What you will do: Repeat exactly the lines of the entries below from the one with "Relais Rio Molas" through the one with "TV, fireplace, DVD player", both ends included, and nothing else.

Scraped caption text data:
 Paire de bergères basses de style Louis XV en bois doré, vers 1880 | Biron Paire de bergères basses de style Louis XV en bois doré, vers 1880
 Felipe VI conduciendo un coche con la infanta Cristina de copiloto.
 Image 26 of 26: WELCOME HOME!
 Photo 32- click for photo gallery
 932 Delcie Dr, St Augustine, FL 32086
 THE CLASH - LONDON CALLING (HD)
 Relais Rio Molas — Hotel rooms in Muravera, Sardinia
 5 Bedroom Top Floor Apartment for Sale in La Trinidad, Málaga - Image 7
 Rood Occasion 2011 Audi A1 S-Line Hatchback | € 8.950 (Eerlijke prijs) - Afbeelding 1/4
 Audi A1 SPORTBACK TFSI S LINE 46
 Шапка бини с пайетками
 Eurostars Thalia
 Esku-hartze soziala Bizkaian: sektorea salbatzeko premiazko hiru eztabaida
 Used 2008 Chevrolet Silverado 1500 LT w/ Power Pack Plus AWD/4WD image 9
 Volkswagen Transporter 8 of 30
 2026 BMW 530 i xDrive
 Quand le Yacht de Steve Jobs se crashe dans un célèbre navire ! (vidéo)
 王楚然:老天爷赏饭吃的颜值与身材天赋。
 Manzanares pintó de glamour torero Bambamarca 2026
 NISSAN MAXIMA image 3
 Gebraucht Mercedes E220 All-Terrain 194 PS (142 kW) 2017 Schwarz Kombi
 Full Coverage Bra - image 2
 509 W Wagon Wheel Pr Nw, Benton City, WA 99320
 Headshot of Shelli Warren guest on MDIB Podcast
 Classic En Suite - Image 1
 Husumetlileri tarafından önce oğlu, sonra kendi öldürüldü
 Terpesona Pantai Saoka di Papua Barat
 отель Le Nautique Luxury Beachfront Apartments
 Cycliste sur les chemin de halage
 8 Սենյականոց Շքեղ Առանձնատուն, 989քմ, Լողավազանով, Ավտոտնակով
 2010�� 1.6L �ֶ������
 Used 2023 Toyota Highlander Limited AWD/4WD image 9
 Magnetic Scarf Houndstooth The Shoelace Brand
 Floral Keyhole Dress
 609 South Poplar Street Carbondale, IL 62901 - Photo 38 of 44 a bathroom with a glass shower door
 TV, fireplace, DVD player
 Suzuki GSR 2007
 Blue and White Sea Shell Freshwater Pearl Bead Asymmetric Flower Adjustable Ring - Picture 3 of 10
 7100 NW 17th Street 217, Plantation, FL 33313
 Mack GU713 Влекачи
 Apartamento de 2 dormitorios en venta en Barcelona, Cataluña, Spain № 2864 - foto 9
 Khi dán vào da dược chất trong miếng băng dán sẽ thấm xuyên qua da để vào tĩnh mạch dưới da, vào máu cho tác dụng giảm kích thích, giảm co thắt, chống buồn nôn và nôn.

Solution to the problem:
 Relais Rio Molas — Hotel rooms in Muravera, Sardinia
 5 Bedroom Top Floor Apartment for Sale in La Trinidad, Málaga - Image 7
 Rood Occasion 2011 Audi A1 S-Line Hatchback | € 8.950 (Eerlijke prijs) - Afbeelding 1/4
 Audi A1 SPORTBACK TFSI S LINE 46
 Шапка бини с пайетками
 Eurostars Thalia
 Esku-hartze soziala Bizkaian: sektorea salbatzeko premiazko hiru eztabaida
 Used 2008 Chevrolet Silverado 1500 LT w/ Power Pack Plus AWD/4WD image 9
 Volkswagen Transporter 8 of 30
 2026 BMW 530 i xDrive
 Quand le Yacht de Steve Jobs se crashe dans un célèbre navire ! (vidéo)
 王楚然:老天爷赏饭吃的颜值与身材天赋。
 Manzanares pintó de glamour torero Bambamarca 2026
 NISSAN MAXIMA image 3
 Gebraucht Mercedes E220 All-Terrain 194 PS (142 kW) 2017 Schwarz Kombi
 Full Coverage Bra - image 2
 509 W Wagon Wheel Pr Nw, Benton City, WA 99320
 Headshot of Shelli Warren guest on MDIB Podcast
 Classic En Suite - Image 1
 Husumetlileri tarafından önce oğlu, sonra kendi öldürüldü
 Terpesona Pantai Saoka di Papua Barat
 отель Le Nautique Luxury Beachfront Apartments
 Cycliste sur les chemin de halage
 8 Սենյականոց Շքեղ Առանձնատուն, 989քմ, Լողավազանով, Ավտոտնակով
 2010�� 1.6L �ֶ������
 Used 2023 Toyota Highlander Limited AWD/4WD image 9
 Magnetic Scarf Houndstooth The Shoelace Brand
 Floral Keyhole Dress
 609 South Poplar Street Carbondale, IL 62901 - Photo 38 of 44 a bathroom with a glass shower door
 TV, fireplace, DVD player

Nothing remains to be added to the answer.